“And he took bread, gave thanks and broke it, and gave it to them, saying, ‘This is my body given for you; do this in remembrance of me.’ “
—Luke 22:19 (NIV)
Ever thought about leaving church early? Well, I did last week. I mean…I thought about it, but that’s as far as it got. God intervened and changed my plans, as He so often does.
During the communion service, I decided to cut it short. Not because I didn’t want communion, but because I was afraid I’d mess something up due to my bad eyesight.
I get a little panicky anytime I’m required to do something in public that requires me to rely on my vision. Like the time I showed up to a women’s group meeting, and they passed out the crafting supplies. I thought we were listening to a talk!
Or the time I couldn’t figure out how to work the coffee dispenser at a baby shower. A little help here!
It’s pretty much guaranteed that if I venture out of my house, something’s going to trip me up. Not literally, but mentally, and then I’m going to say something dumb.
Once while visiting Cape May, New Jersey, and driving around looking for a lighthouse, I pointed to a telephone pole and announced, “There it is!”
Yeah, really. My family enjoyed that one for a while. (In my defense, and on a more serious note, I later found out I had bleeding in my retina at that time.)
The fear of making mistakes in public can make a visually-impaired person want to stay home. But then you get bored and lonely. So eventually you have to make peace with it. It’s venture out and (probably) make mistakes, or stay in and grow bitter. Laughter helps ease the errors immensely. So, as long as no bodily injuries result—it’s OK to laugh.
Last week in church when communion was announced, I sat on the end of the aisle (a convenience planned in advance). So it was easy to ready for my escape.
I’ll just wait in the commons area till the rest of the family’s done. No big deal.
I reached for my coat, my purse, the bulletin, and then… “Excuse me, Miss. Would you mind making sure my little boy gets up and back to communion alright? I have to go up front and help.”
(I thought about telling the man next to me I was legally blind, but there didn’t seem to be time. Besides, no need to own it unless I actually lost the boy in the crowd. Then he’d just have to understand. Or not.)

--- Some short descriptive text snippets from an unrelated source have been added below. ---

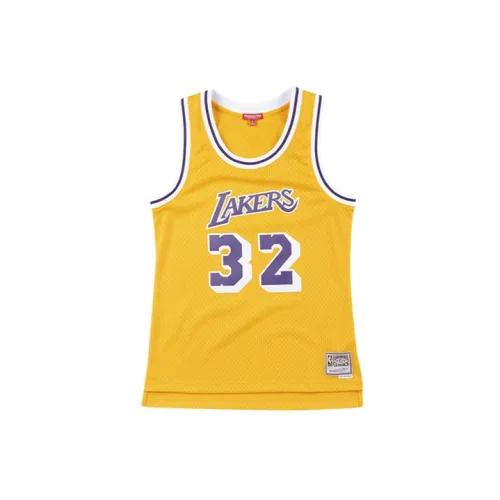 Mitchell Ness Basketball Jerseys Women's Yellow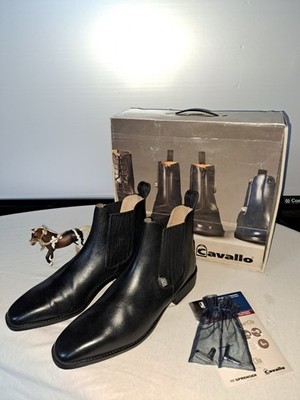 Cavallo Reiter Stiefeletten schwarz 10.5 / 44,5  SELTEN  mit Sporen wie neu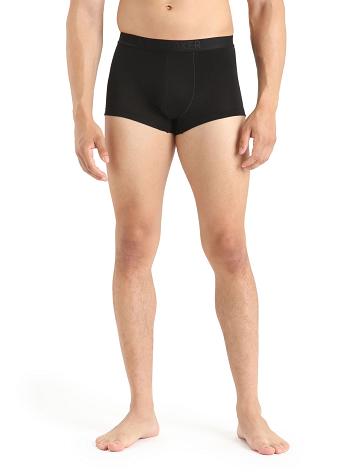 Black Men's Icebreaker Cool-Lite™ Merino Anatomica Trunks Underwear | USA 1290MQZA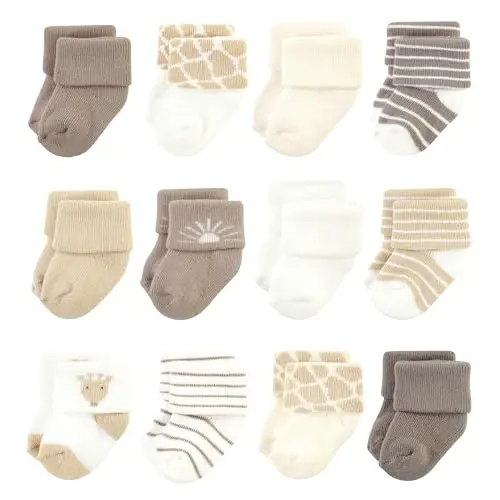 Hudson Baby Baby Girls' Cotton Rich Newborn and Terry Socks - 1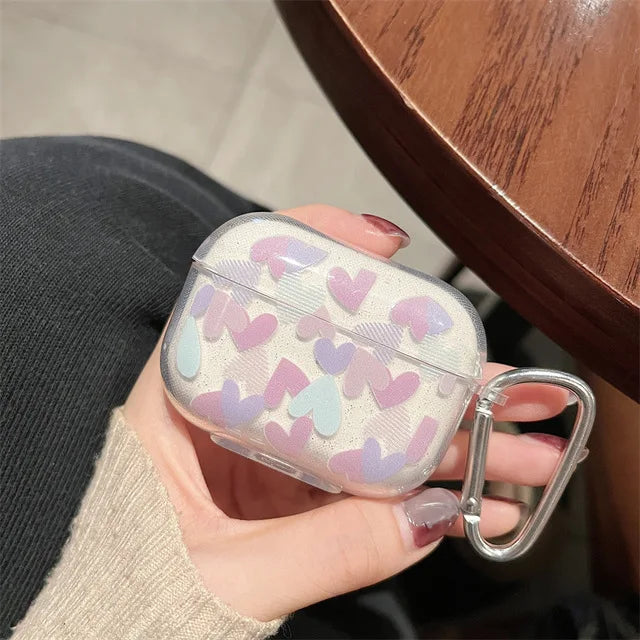 Colorful Heart Glitter Case for AirPods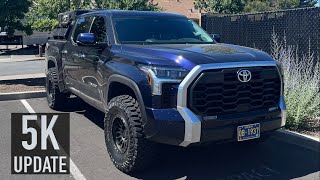 2022 Tundra 5000 Mile Update [upl. by Neelik]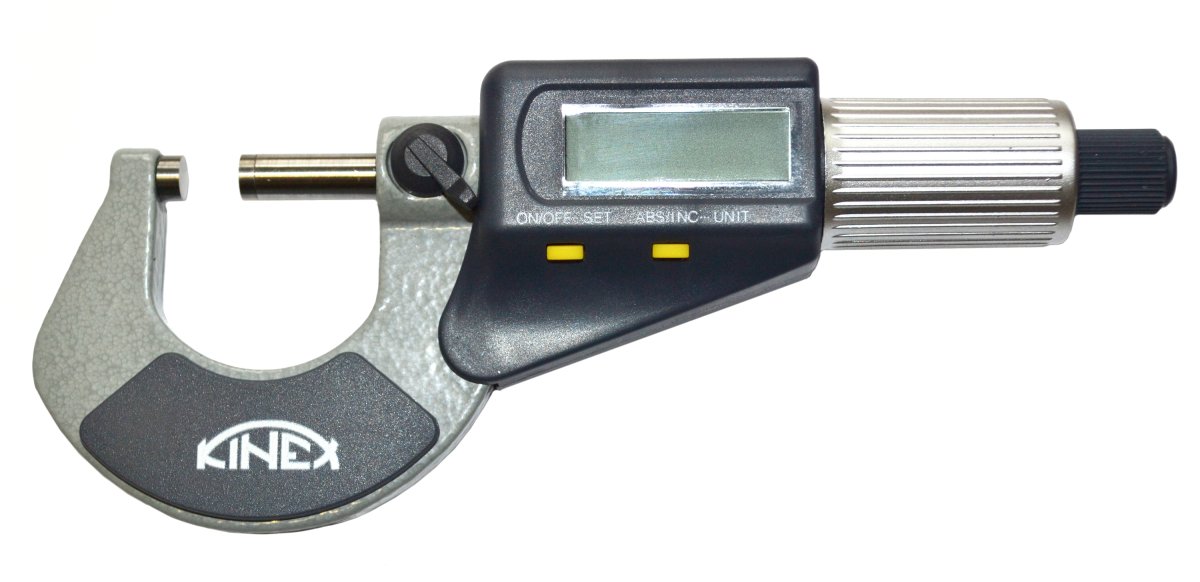 KINEX mikrometr třmenový digitální   0-25mm, 0,001mm, 7031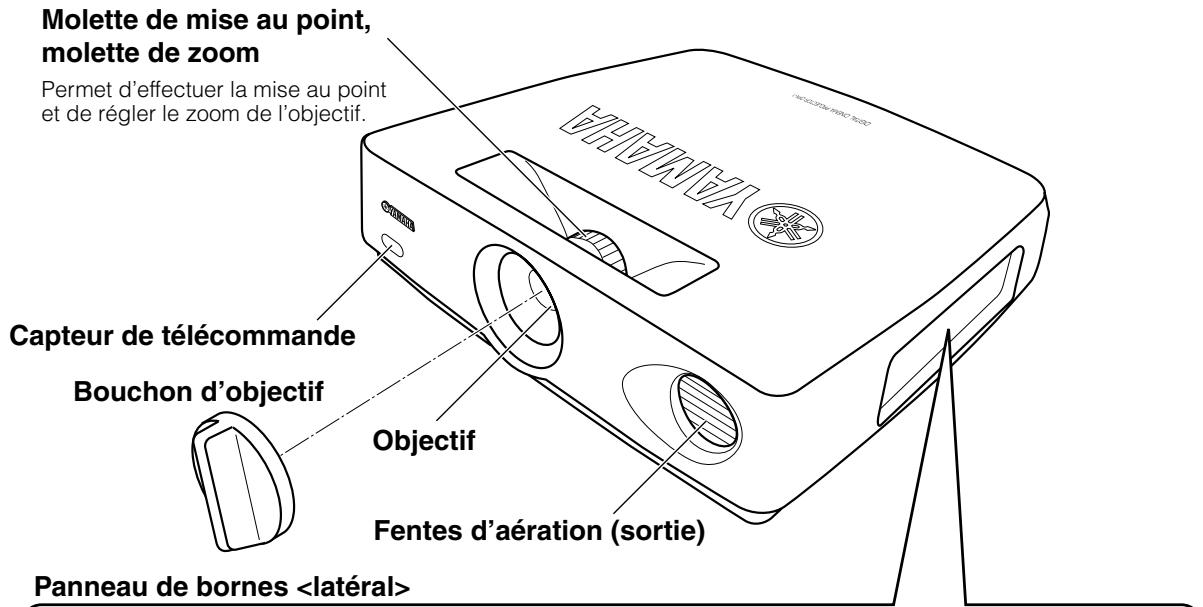 YAMAHA DPX-1 - Panneau avant et panneau de bornes - 1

As soon as the guy interrupted my leaving and before he was done asking his favor, I knew God was acting. He was lassoing me back to His service because He wanted me to stay. It wasn’t about helping this 4-year-old boy (who, as it turned out, didn’t need any help). It was about me trusting God, getting my mind off my insecurities, and putting it onto Him, and what He’s done for us.
“Do this in remembrance of me” (Luke 22:19).
It reminded me of all the other times I’ve tried to quietly slip away and been called back. God is like that. It doesn’t matter how rotten our thoughts or actions are, He still calls us back. He wants a relationship that much!
He loves us.
And I don’t know about you, but I find that incredibly humbling.
Lord, forgive us for all the times we’ve tried to slip away from You. Thank You for always calling us back and providing the start-overs You know we need. Hold us close, God. And let the power of Your victory overcome our fears and insecurities. In Jesus’ Name, Amen.